Go Back
+ servings

Eggplant Penne Pasta - How to Prepare Eggplant

This dish could be meatless, or toss in a bit of your favorite meat and spaghetti sauce!
Prep Time5 minutes
Cook Time45 minutes
Servings - 4 servings

Ingredients 

  • 2 small eggplants
  • Couple dashes of salt
  • 16 oz. box penne pasta
  • 2 tsp olive oil
  • Pepper
  • Bunch of parsley, basil leaves and rosemary leaves
  • 3 garlic cloves
  • 1 cup crushed tomatoes
  • 3/4 cup mozzarella cheese
  • 4 ears of corn
  • Optional, Add 1/3 - 1/2 lb. ground beef or diced chicken for the meat version!

Instructions

  • Slice eggplants into 1/2 inch cubes or slightly smaller.
  • Place in colander and sprinkle with salt. Set colander in the sink and let sit for 30 minutes. The salt will remove the bitter juices from the eggplant and the dish will be much tastier! After sitting for 30 minutes, rinse with cold water and then add to skillet for sauteing.
  • Meanwhile, cook pasta according to package instructions. Drain and return to saucepan.

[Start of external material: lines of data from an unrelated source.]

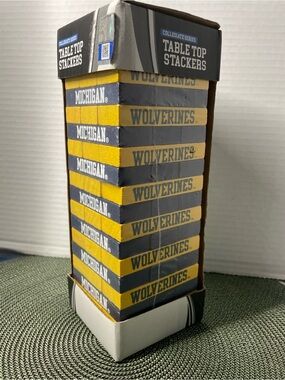 Collegiate Series Michigan Wolverines Table Top Stackers Game - Yellow & Blue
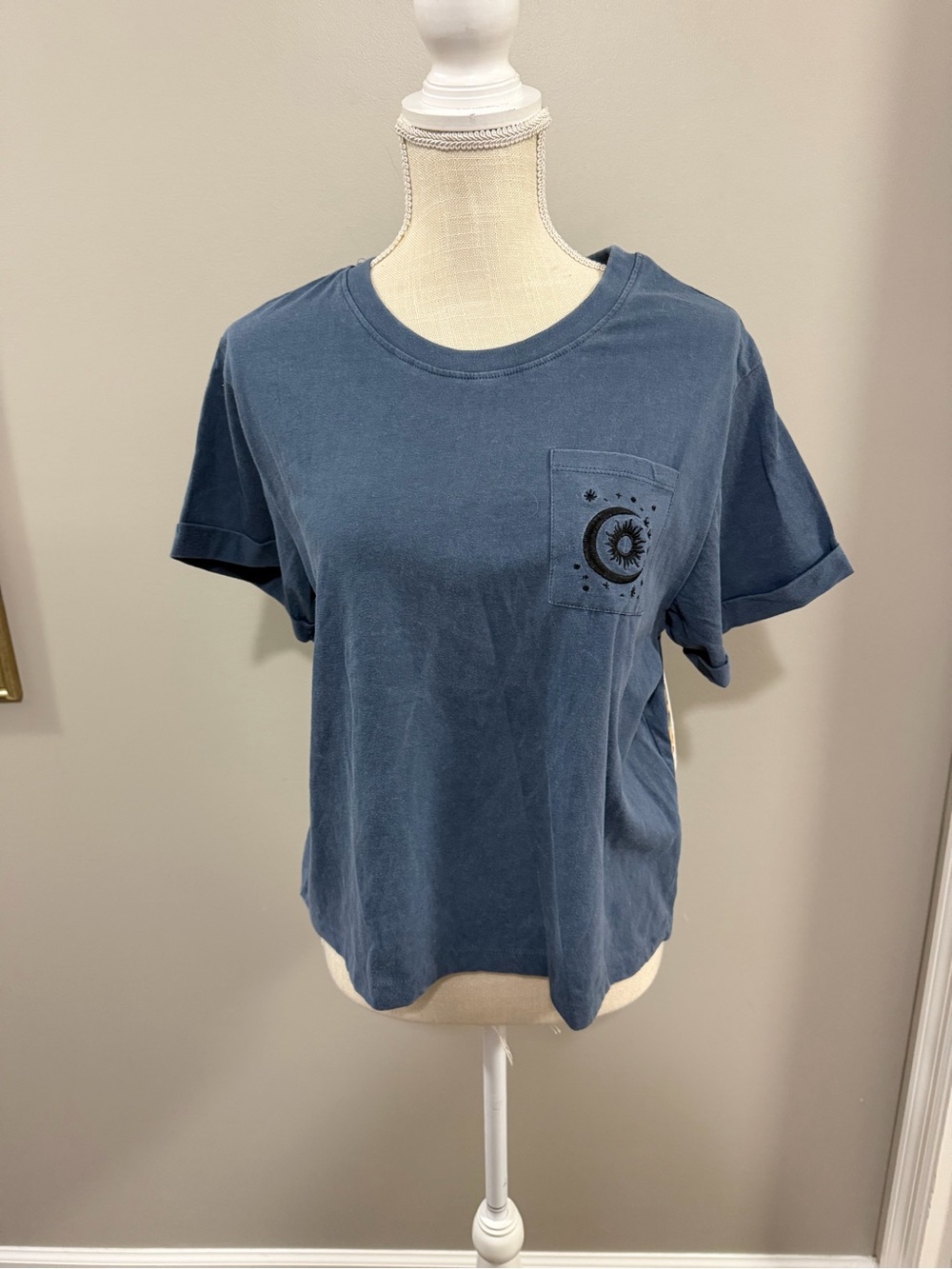 Women's Short Sleeve Pocket Tee "Stay Positive Stay Blessed" in Dusty Blue XL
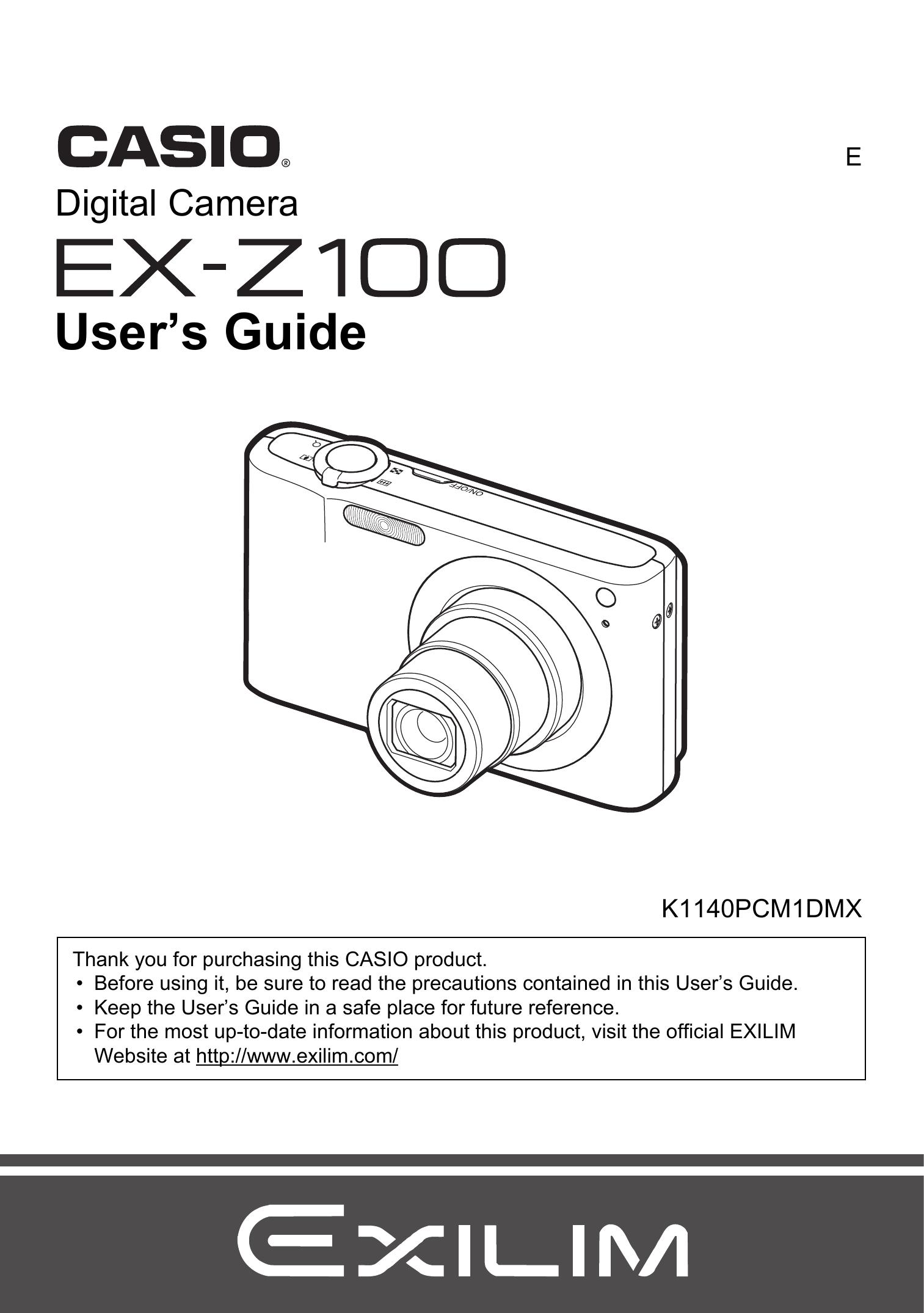 Casio EX Z 100 Digital Camera User Manual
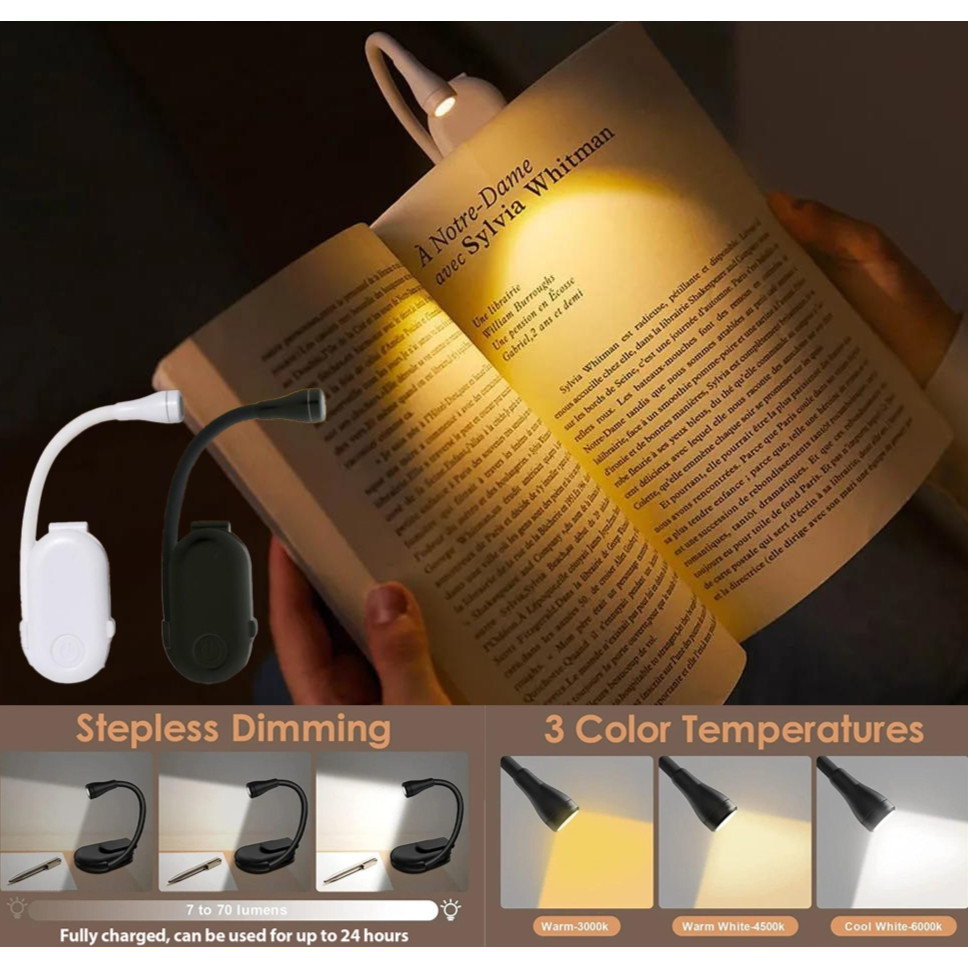 Luz De Leitura De Livro Recarregável Mini LED Clipe Para Cuidados Com Os Olhos Noite 360 ° Lâmpada Ajustável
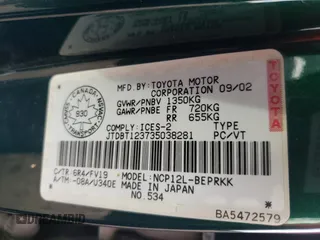 2003 Toyota ECHO with VIN JTDBT123735038281, listed as a Copart auction lot 52209894 with 279,025 mi miles and Salvage Title. Bid and sale history available at carsss.com. Image 13.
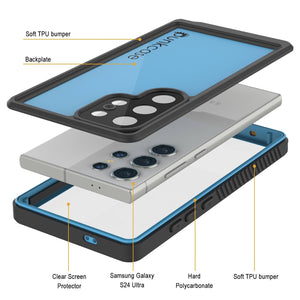 Galaxy S24 Ultra Waterproof Case PunkCase StudStar Light Blue Thin 6.6ft Underwater IP68 ShockProof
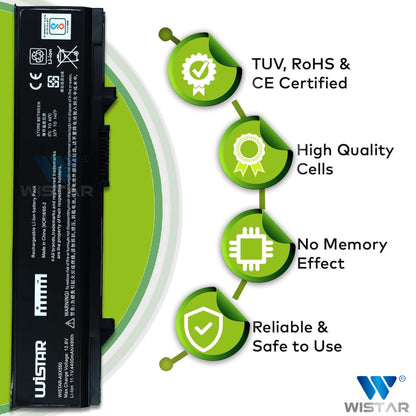 Wistar® Laptop Battery – Compatible with Battery for Dell Latitude E5400, E5410, E5500, E5510 | P/N : KM742, KM668, | 6 Cell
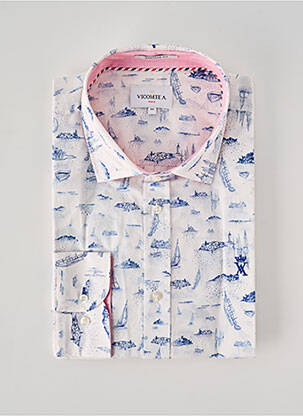 Chemise manches longues imprimé fantaisie blanc VICOMTEA homme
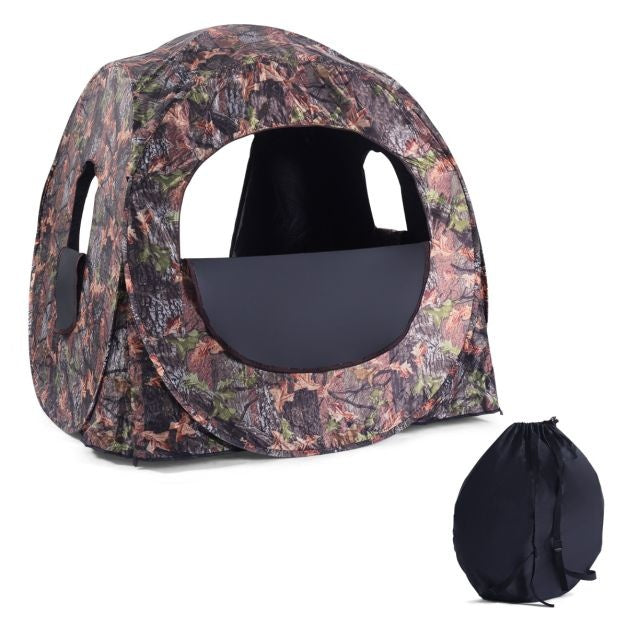 Cabane de chasse rétractable Coast pour 3 personnes Tente de chasse Cadre en acier Fenêtres en maille Sac de transport Sangles Piquets de sol Camouflage 152 x 152 x 163cm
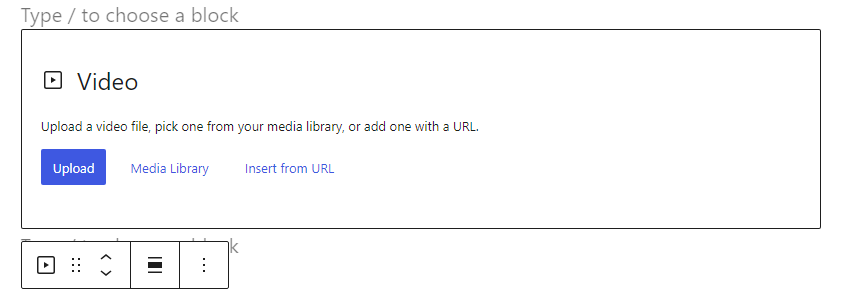 Screenshot of video block in block editor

Chop fresh herbs.
  • Saute eggplant with the fresh herbs in olive oil for about 3-4 minutes, or until begin to brown. Stir often.
  • Add 1 cup of crushed tomatoes, or tomato sauce/diced tomatoes. Stir through. Add cooked pasta and shredded mozzarella cheese. Toss and let simmer over low heat for 3-5 minutes, or until cheese melts.
  • In glass baking dish, add corn cobs with 1/4 cup of water. Cover with plastic wrap and microwave for 4-5 minutes.
  • Serve Eggplant Penne Pasta with Corn Cobs.